» Problem description
Your answer should be every line with the word "Drive", copied from the data below.

#### Raw data ####

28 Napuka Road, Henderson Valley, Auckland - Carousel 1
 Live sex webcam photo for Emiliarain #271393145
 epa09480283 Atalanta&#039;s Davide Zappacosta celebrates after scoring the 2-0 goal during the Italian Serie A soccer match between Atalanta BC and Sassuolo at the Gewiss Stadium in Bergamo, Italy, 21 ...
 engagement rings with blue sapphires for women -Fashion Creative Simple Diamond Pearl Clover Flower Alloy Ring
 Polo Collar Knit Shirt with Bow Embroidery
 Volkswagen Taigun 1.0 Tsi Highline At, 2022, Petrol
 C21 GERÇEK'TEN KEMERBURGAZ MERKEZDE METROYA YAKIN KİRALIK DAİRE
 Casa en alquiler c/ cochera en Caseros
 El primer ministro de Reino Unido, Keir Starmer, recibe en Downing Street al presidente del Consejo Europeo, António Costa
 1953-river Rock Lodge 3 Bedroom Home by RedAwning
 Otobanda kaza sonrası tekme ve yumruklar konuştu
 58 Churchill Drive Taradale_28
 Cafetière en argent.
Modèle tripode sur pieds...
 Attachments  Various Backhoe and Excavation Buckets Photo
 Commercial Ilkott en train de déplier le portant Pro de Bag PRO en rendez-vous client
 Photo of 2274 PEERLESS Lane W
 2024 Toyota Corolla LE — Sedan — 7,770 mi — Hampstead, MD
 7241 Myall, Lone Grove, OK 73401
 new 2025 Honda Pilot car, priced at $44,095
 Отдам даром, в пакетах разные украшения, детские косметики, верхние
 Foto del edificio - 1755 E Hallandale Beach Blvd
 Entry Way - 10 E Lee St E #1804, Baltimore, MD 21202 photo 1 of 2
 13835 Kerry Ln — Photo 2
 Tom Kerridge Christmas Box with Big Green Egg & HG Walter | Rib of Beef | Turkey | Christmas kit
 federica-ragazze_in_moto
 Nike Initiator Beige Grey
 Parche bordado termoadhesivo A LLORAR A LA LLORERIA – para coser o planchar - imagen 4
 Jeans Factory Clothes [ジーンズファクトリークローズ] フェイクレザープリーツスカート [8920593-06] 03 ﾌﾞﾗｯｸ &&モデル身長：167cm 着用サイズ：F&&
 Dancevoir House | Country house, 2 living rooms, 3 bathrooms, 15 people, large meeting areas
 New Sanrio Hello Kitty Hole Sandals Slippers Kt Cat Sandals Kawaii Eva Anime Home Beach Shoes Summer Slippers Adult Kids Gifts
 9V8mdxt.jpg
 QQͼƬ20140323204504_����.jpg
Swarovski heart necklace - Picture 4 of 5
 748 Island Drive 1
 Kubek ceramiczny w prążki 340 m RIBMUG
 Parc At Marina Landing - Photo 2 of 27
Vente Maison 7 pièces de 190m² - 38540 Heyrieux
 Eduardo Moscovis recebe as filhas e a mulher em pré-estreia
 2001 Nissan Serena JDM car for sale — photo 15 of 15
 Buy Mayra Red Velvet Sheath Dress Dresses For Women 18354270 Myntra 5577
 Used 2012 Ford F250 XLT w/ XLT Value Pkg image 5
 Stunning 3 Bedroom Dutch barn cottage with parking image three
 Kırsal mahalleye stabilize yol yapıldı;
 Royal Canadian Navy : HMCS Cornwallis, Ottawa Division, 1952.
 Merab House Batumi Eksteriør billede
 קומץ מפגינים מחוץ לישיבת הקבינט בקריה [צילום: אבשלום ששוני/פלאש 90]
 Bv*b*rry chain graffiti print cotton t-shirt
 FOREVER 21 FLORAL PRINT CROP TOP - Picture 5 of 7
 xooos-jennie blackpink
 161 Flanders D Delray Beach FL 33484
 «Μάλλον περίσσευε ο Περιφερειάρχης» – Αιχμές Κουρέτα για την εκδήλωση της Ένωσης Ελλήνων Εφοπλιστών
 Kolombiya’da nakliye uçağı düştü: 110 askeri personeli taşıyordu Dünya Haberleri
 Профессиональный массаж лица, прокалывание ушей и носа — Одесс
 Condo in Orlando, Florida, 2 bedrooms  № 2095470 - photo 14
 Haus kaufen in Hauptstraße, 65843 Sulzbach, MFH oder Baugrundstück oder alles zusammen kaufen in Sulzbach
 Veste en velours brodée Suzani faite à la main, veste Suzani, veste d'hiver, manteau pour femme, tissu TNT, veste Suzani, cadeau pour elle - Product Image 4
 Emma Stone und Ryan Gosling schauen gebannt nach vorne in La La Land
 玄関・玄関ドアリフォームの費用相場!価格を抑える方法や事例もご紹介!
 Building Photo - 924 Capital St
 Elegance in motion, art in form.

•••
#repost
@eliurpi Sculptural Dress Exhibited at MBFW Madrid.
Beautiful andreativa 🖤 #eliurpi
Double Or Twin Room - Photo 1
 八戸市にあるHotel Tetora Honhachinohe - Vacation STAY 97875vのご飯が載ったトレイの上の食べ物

####

» Response to the task
 58 Churchill Drive Taradale_28
 748 Island Drive 1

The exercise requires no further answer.